While out there I snapped some pictures through out my time out there.

Luna, Sadie and Spirit









Sweet Pea checking in on me









Mom and daughter and Grandmom and granddaughter









Love this picture









Luna 









top to bottom
Sweet Pea, Ziva, Sadie, Angie, Spirit, Luna









left right
Spirit, Angie, Sadie, Luna, Ziva, Sweet Pea









I had a little fun while working


----------



## milk and honey (Oct 31, 2010)

Looks like a good day out with the Goaties!

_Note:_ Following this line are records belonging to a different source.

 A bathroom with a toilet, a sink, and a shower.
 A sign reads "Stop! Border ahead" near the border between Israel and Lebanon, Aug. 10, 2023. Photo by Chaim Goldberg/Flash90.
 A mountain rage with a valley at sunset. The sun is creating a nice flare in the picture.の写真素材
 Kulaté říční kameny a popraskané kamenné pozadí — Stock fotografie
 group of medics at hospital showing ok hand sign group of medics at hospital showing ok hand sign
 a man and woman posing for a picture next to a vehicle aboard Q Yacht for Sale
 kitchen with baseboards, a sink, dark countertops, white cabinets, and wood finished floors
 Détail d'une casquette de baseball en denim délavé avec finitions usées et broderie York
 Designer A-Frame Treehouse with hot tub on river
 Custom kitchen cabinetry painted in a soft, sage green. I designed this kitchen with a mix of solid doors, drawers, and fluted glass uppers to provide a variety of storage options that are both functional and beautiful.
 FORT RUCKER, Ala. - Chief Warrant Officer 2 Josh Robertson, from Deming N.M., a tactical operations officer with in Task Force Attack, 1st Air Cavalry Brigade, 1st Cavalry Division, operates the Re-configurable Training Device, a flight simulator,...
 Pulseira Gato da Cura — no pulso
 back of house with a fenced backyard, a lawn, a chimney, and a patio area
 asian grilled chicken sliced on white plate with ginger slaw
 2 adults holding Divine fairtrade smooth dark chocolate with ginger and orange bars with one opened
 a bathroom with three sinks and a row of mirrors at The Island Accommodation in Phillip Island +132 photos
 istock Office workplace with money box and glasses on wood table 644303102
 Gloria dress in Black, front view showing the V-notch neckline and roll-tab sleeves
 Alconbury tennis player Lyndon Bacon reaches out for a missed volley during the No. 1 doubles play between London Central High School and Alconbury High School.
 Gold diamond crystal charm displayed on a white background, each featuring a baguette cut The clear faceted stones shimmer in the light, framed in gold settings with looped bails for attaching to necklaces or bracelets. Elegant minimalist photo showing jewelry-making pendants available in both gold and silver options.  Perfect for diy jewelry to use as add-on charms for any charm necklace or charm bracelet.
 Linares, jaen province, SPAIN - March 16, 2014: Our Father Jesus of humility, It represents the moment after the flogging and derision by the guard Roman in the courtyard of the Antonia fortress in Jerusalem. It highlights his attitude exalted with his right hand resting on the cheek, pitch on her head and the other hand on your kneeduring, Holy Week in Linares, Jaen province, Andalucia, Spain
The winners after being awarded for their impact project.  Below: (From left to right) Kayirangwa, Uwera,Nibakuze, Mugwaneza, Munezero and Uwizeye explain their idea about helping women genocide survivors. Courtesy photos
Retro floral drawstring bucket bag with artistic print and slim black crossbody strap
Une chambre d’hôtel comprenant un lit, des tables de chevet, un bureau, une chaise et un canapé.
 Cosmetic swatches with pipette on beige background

Nice pics of all of you..


----------



## toth boer goats (Jul 20, 2008)

HeHe...too cute.....thanks for sharing..... :greengrin: :thumb:


----------



## bleatinghearts (Feb 26, 2010)

We may have worn the same jeans today! You look better in them though.


----------



## KW Farms (Jun 21, 2008)

Pretty girls! And love the last pic too!


----------



## StaceyRosado (Oct 5, 2007)

bleatinghearts said:


> We may have worn the same jeans today! You look better in them though.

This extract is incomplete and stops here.